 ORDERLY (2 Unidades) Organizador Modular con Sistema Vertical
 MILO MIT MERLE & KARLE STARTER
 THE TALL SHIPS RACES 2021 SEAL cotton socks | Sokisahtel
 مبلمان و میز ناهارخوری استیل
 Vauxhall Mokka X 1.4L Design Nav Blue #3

--

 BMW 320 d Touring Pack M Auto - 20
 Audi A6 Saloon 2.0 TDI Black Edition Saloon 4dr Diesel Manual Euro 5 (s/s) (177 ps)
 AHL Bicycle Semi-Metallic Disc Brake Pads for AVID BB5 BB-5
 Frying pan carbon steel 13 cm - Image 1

==

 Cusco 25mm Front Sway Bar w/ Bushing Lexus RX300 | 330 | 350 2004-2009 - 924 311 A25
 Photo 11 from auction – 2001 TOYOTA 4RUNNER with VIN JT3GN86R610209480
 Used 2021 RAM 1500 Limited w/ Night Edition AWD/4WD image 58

» **Assignment**:
Return, with no change at all, every line in the entries above from the line containing "Cusco 25mm Front" through the line containing "Used 2021 RAM".

» **Answer box**:
 Cusco 25mm Front Sway Bar w/ Bushing Lexus RX300 | 330 | 350 2004-2009 - 924 311 A25
 Photo 11 from auction – 2001 TOYOTA 4RUNNER with VIN JT3GN86R610209480
 Used 2021 RAM 1500 Limited w/ Night Edition AWD/4WD image 58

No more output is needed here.